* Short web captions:
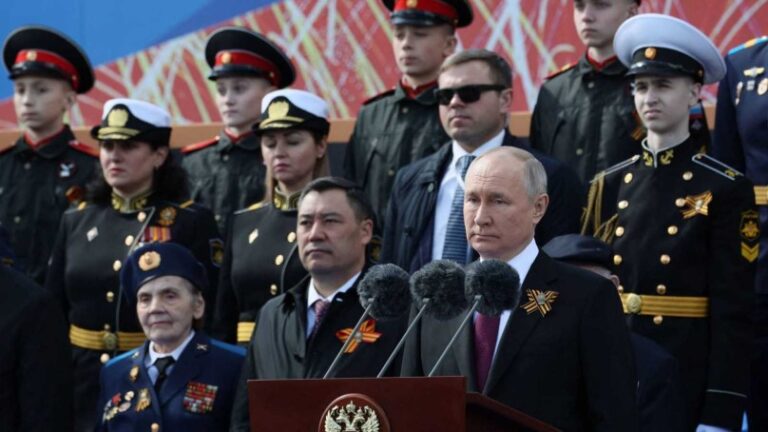 Putin llama a la «victoria» ante Ucrania en desfile militar en Moscú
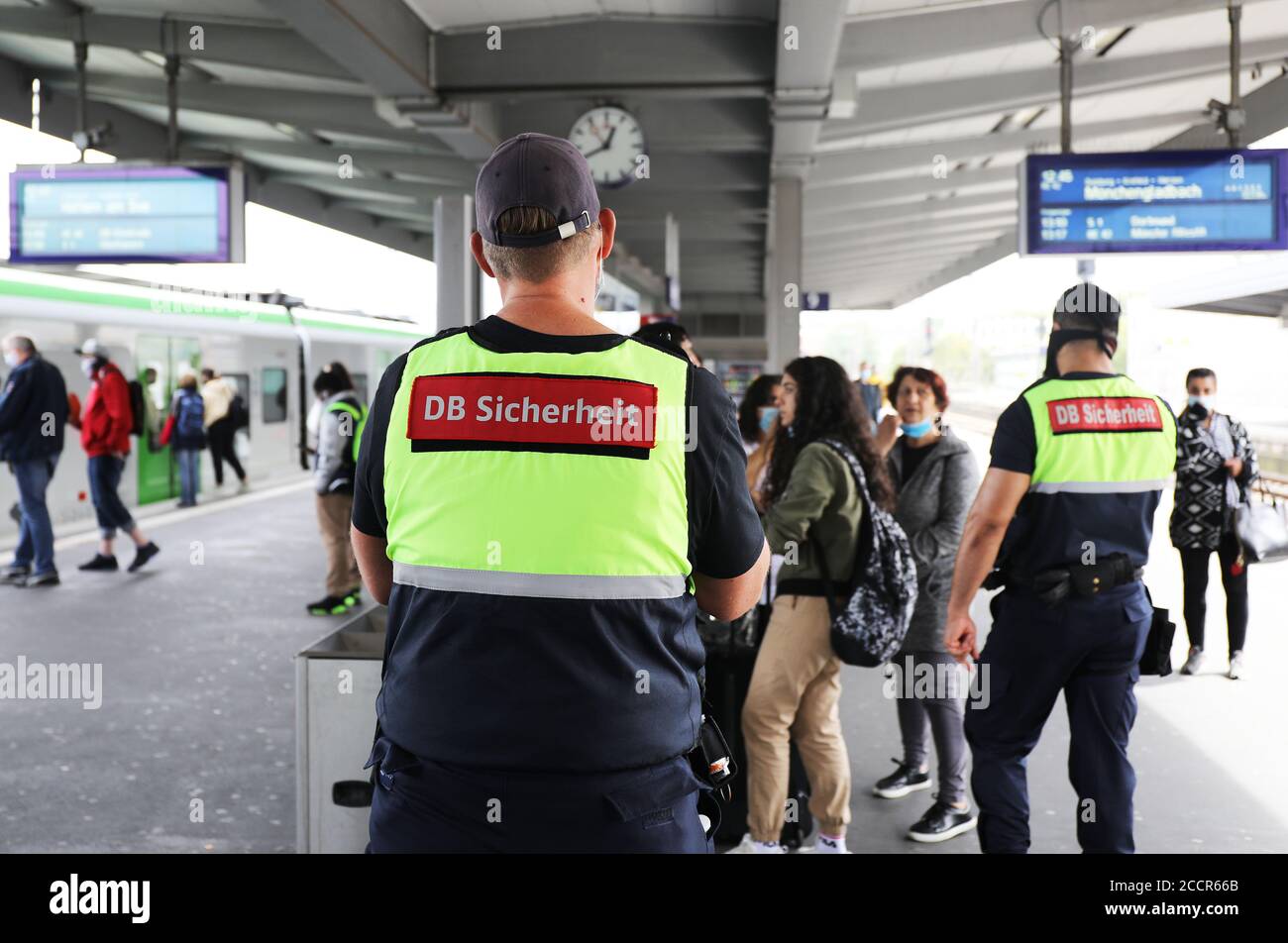 Essen, Deutschland. August 2020. Mitarbeiter des Bahnsicherheitsdienstes überprüfen die Zwangsmasken am Hauptbahnhof. Bahnbetreiber, Ordnungsämter und die Bundespolizei haben in Regionalzügen, Bahnhöfen und S-Bahnen Vorrangkontrollen auf Zwangsmasken durchgeführt. Quelle: Oliver Berg/dpa/Alamy Live News Stockfoto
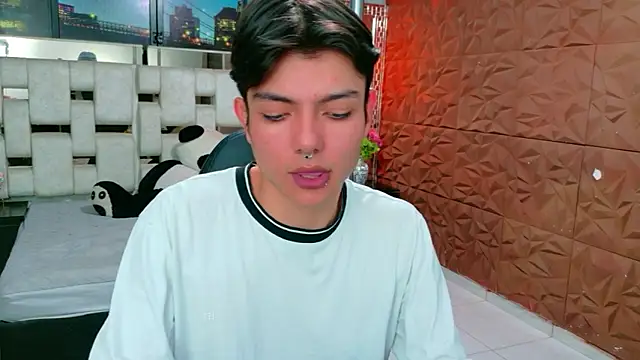 alandelrey57 online show from January 8, 7:46 am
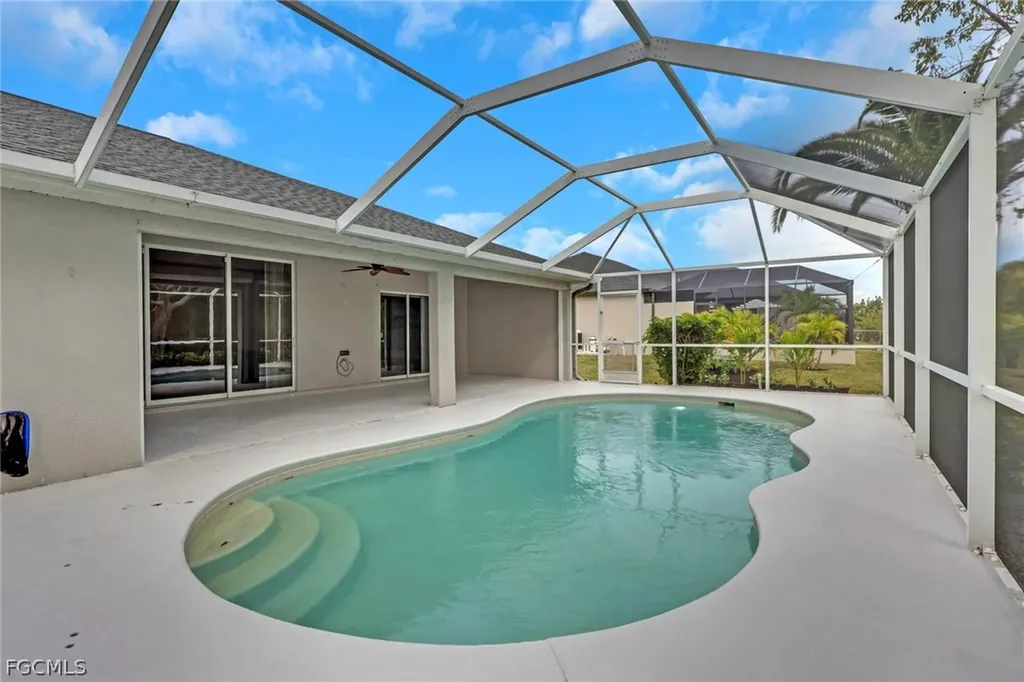 2526 SW 29th Terrace Cape Coral FL 33914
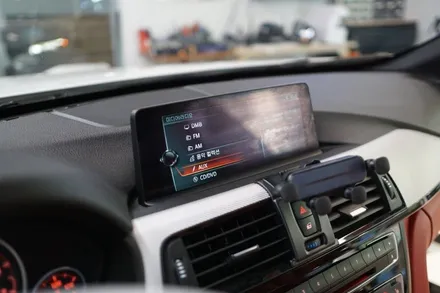 BMW 4시리즈 15인치 안드로이드 모니터 컨버전 시공과  무스웨이로 사운드까지 완벽하게 업그레이드 해드렸습니다! / 서울 중랑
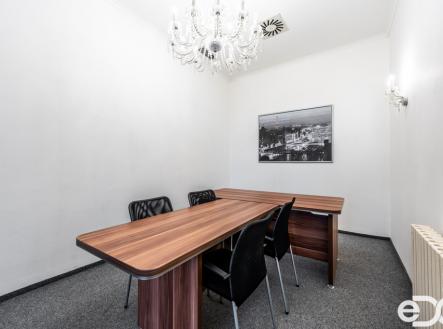 Pronájem kanceláře, 193 m²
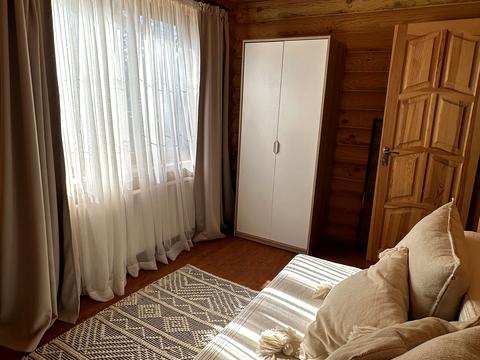 дом по адресу Тиха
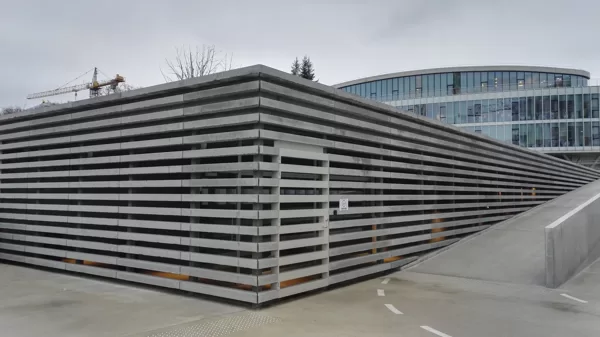 betonines lameles zaliuzi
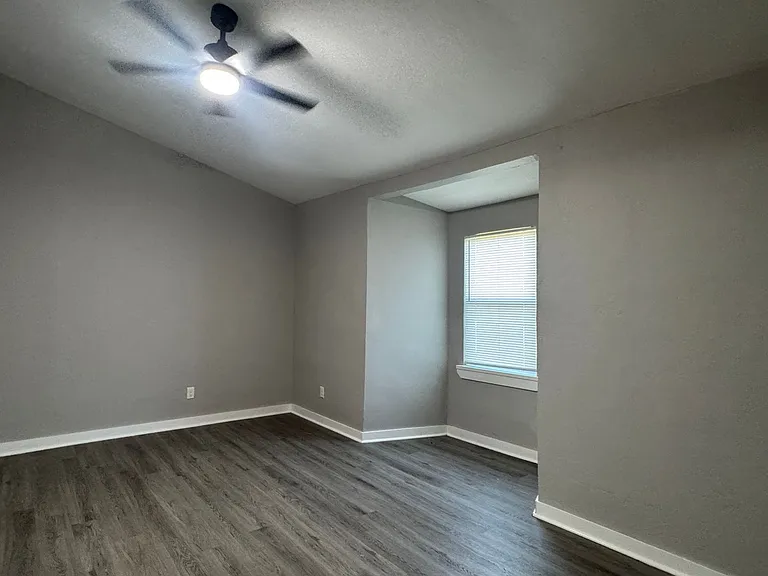 115 Hillside Dr — Photo 3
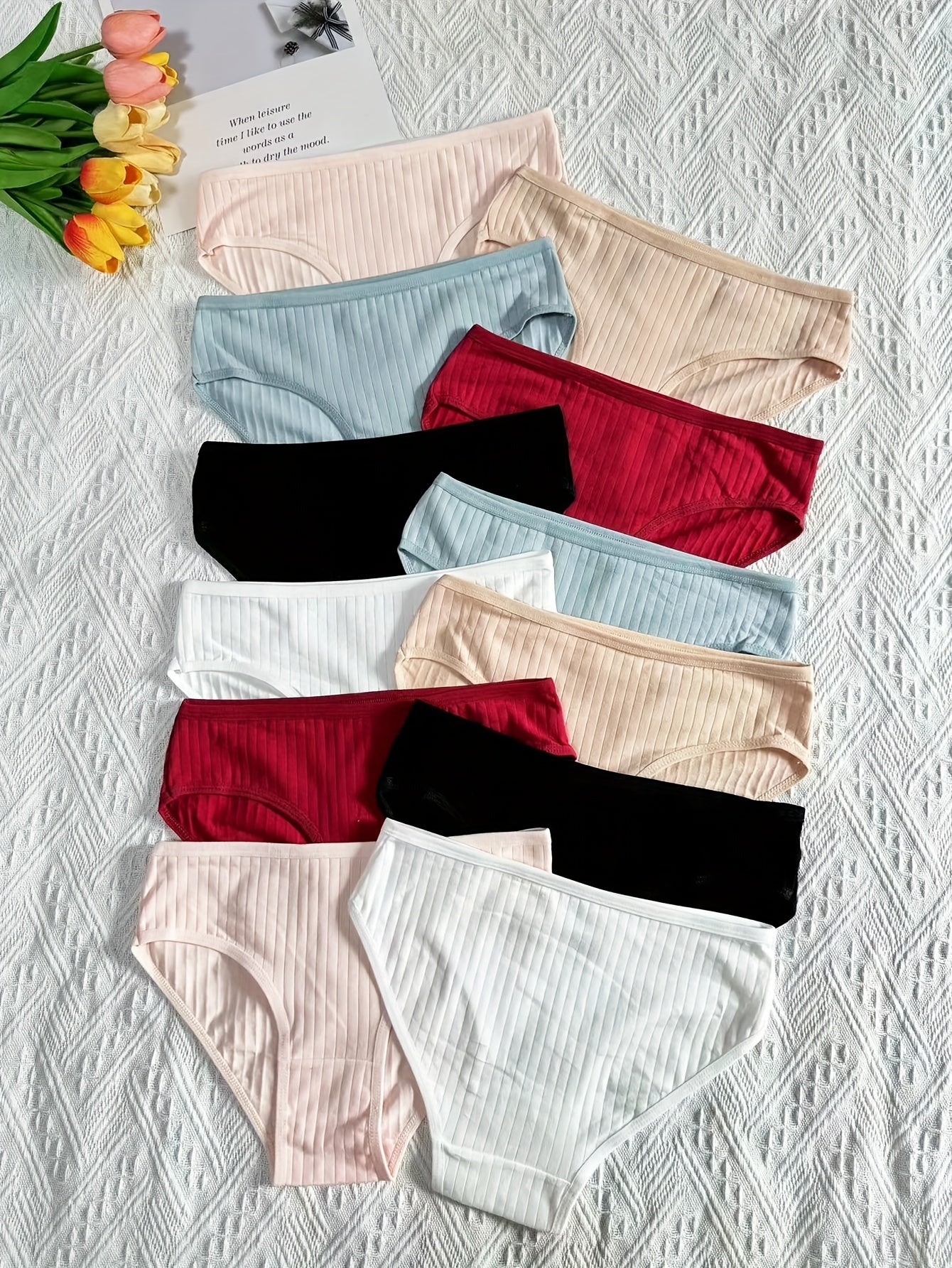 12 seamless briefs, comfortable and stretchy women's lingerie.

* Try it: A word-for-word copy of every entry, with the pictures left out, is the required answer.

* Answer below:
 Putin llama a la «victoria» ante Ucrania en desfile militar en Moscú
 Essen, Deutschland. August 2020. Mitarbeiter des Bahnsicherheitsdienstes überprüfen die Zwangsmasken am Hauptbahnhof. Bahnbetreiber, Ordnungsämter und die Bundespolizei haben in Regionalzügen, Bahnhöfen und S-Bahnen Vorrangkontrollen auf Zwangsmasken durchgeführt. Quelle: Oliver Berg/dpa/Alamy Live News Stockfoto
 alandelrey57 online show from January 8, 7:46 am
 2526 SW 29th Terrace Cape Coral FL 33914
 BMW 4시리즈 15인치 안드로이드 모니터 컨버전 시공과  무스웨이로 사운드까지 완벽하게 업그레이드 해드렸습니다! / 서울 중랑
 Pronájem kanceláře, 193 m²
 дом по адресу Тиха
 betonines lameles zaliuzi
 115 Hillside Dr — Photo 3
 12 seamless briefs, comfortable and stretchy women's lingerie.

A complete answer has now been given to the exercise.